One of my biggest inspirations has always been a beautifully decaying object. Paint peeling on doors, vines overtaking an abandoned house... all extremely satisfying to me. There is a bit of rebellion in it, like mother nature is saying "yeah, you tried to beat time, but that just isn't how things work, and you are gonna like it... move on."
A decaying object is intimate and exposed, showing its age and past.
This kind of mentality and fascination has led people to tell me I am a bit gothic and morbid. I hate the word gothic in it's modern context (let's all go shop at Hot Topic and talk about how miserable we are) because I love life so much.

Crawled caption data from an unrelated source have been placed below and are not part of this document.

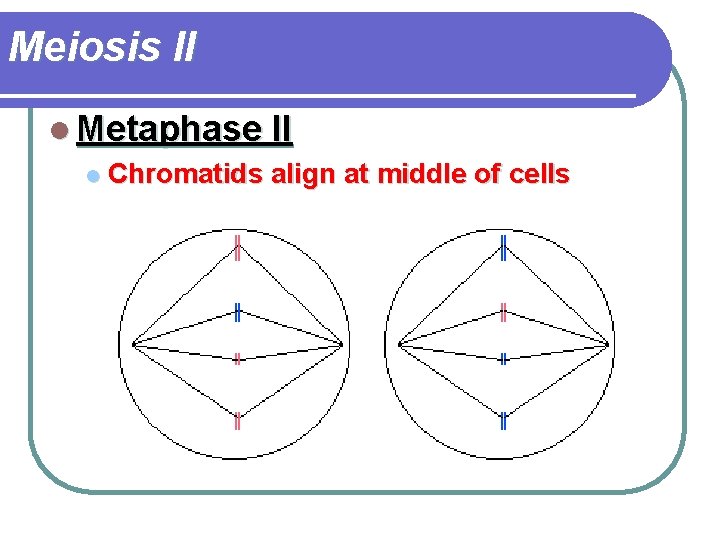 Meiosis II l Metaphase II l Chromatids align at middle of cells 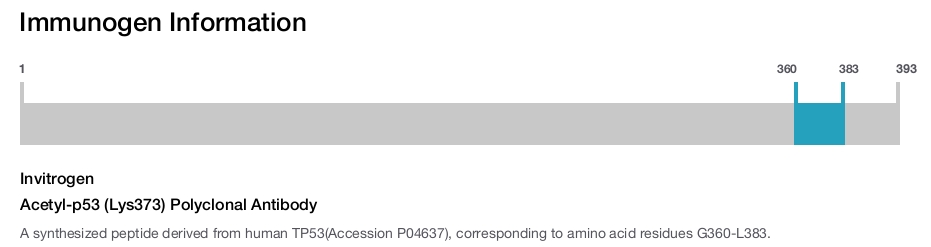 Acetyl-p53 (Lys373) Polyclonal Antibody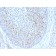 HPV16 E1/E4 (Human Papilloma Virus 16)(HPV16 E1/E4), CF488A conjugate, 0.1mg/mL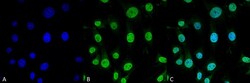 Invitrogen TRAP1 Monoclonal Antibody (3H4-2H6), PerCP 100 &mu;g; PerCP:Antibodies,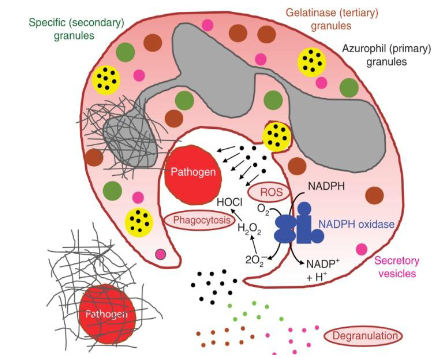 <p>- Attracted to and move to sites of infections</p><p>- Adhere to the foreign particle via receptors</p><p>- Pseudopodia form and encircle the particles</p><p>- Ingest foreign particles</p><p>- Phagosome forms</p><p>- Fusion of primary &amp; secondary granules</p><p>- Granule contents discharged</p><p>- Bacterial kill</p><p>.</p><p>- Primary (azurophilic) granules are formed early, containing digestive enzymes (myeloperoxidase, elastase), while secondary (specific) granules form later, releasing regulatory proteins (lactoferrin) to fight pathogens</p>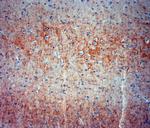 Synaptotagmin 2 Antibody in Immunohistochemistry (Paraffin) (IHC (P))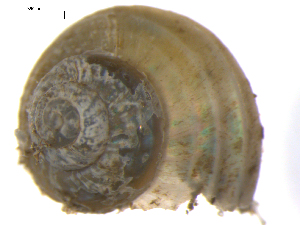  ( - 10BPBS-0087)  @13 [ ] CreativeCommons - Attribution  CBG Photography Group Centre for Biodiversity Genomics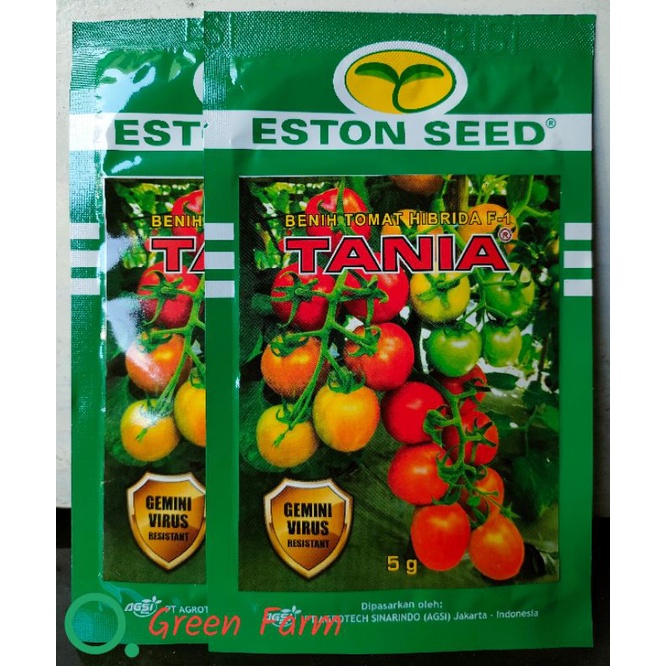 Tomat Tania F1 Tomat Tahan Virus Kemasan 5gr Original Pabrik Eston Seed Andalan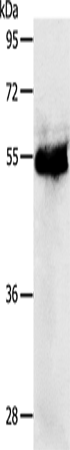 PRKAR1B Polyclonal Antibody (E-AB-12841)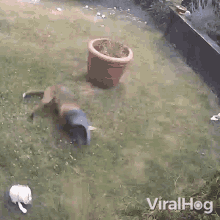 Playing Dog Viralhog GIF - Playing Dog Viralhog Throwing The Slippers GIFs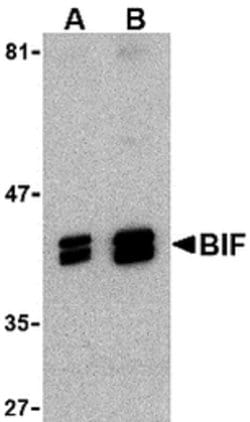 Invitrogen Bif1 Polyclonal Antibody 100 &mu;g; Unconjugated:Antibodies,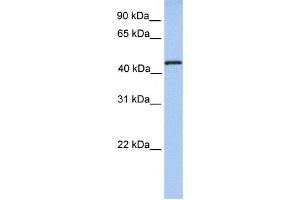 Western Blotting (WB) image for anti-tRNA Methyltransferase 11 Homolog (Trmt11) antibody (ABIN2459205) (Trmt11 antibody)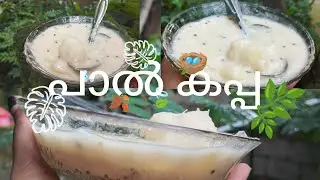 👌 pal kappa Simple recipe😋must try🫶👍#vibewithpreetha #paalkappa #foodvlog #viralvideo #cooking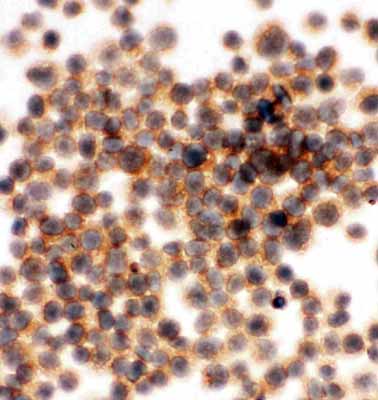 8 - Anti-RIAM Antibody ABO11266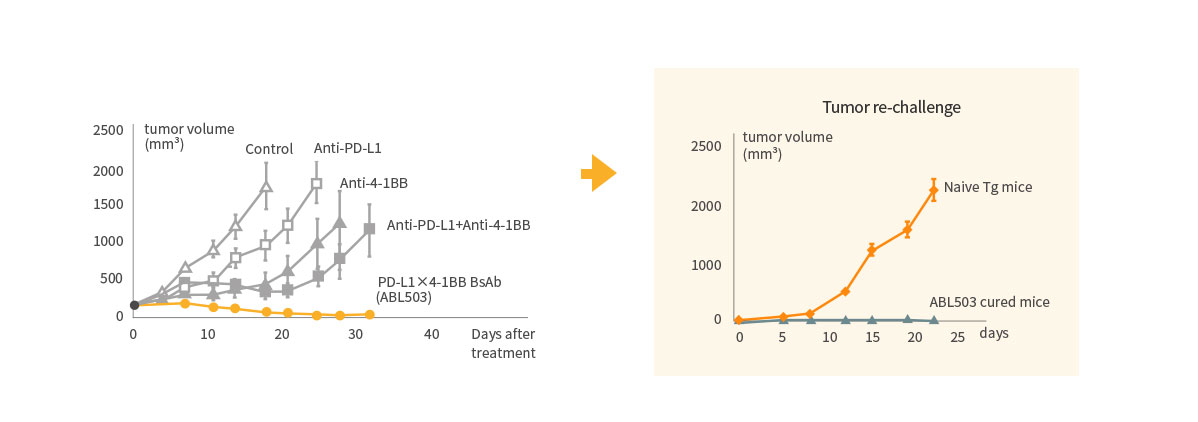 Superior Anti-Tumor Effect with Immunological Memory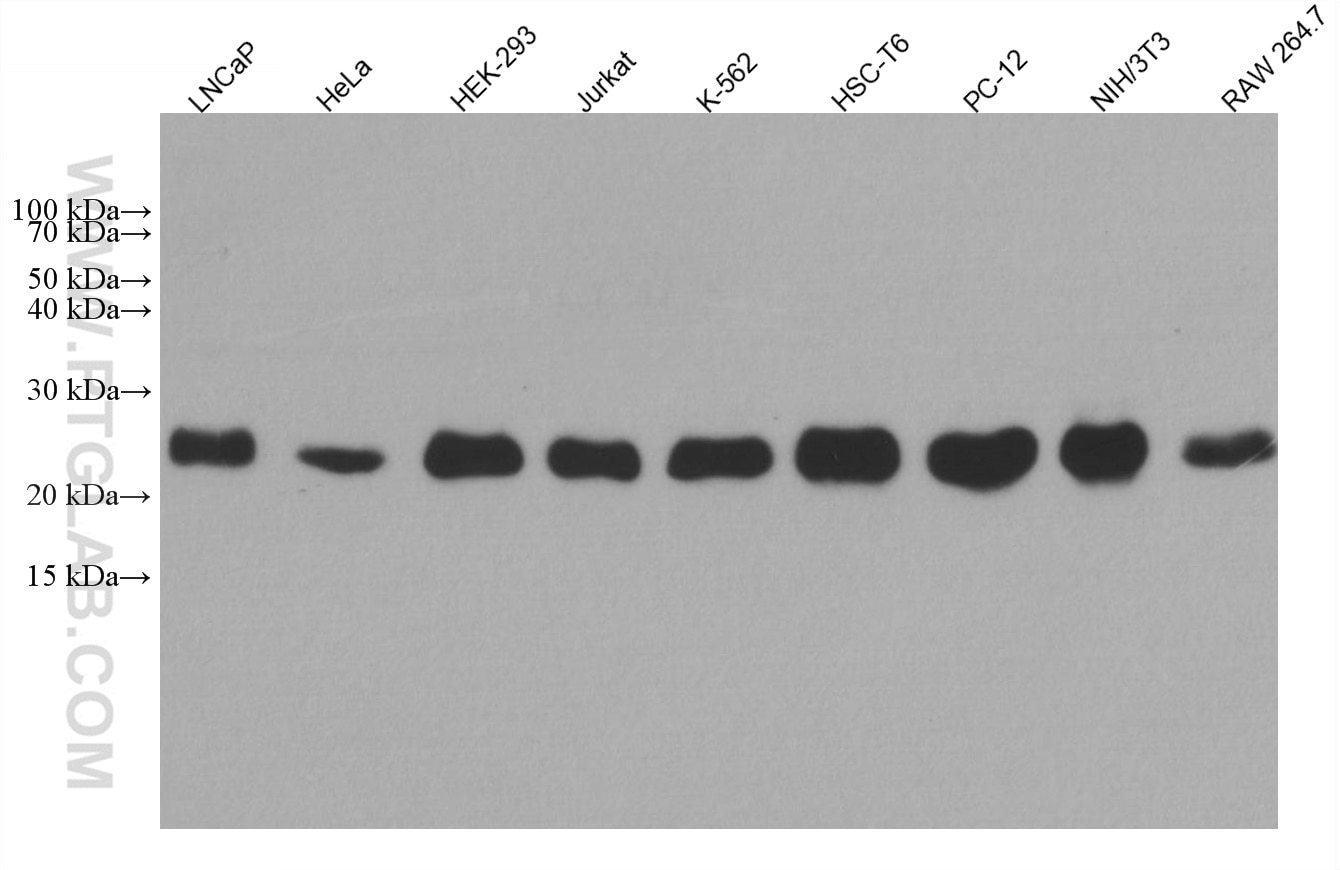 Western Blot (WB) analysis of various lysates using RHOC Monoclonal antibody (67542-1-Ig)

I love joy and life and beautiful flowers.... but I also have an odd habit of reading about how dead bodies decay, serial killers, ghost towns, and cannibals. I think that if our world was all full of pansies and brand new shiny things, it would be a boring world. We need death to appreciate life, we need dark to appreciate light, and we need to recognize that sometimes things we consider to be dark, can be beautiful too. I guess this is a Yin and Yang thing. I don't like to think of it as dark and depressing.
If you ever have time to visit the Los Angeles Artist Colony known as The Brewery, then you can witness some of the ways the residents there have chosen to embrace the urban decay around them into whimsical little gardens and cozy studios. This place used to be an old Pabst Brewery, and now it is one of the largest artist colonies in the world.
This peep is choosing to live out his last days(which could be a long time based on the sugar content) in an overgrown garden atop a pumpkin. delightful.
This little display, while cobwebbed and old, has a lot of feel to it. The rust adds texture and color.
Surrounding all these rusty bits, vines with beautiful flowers intertwine themselves between cracks and broken walls. The contrast is exciting to me.
I have always had a morbid fascination with old dolls. I can't STAND dolls. They freak me out. Yet I can't seem to stop taking pictures of them. Is there perhaps a bit of sick joy in seeing them humorously rotting away in a planter? Perhaps. Perhaps.
I fell in love with this succulent so much, I bought a baby one for my terrarium. Dark and beautiful.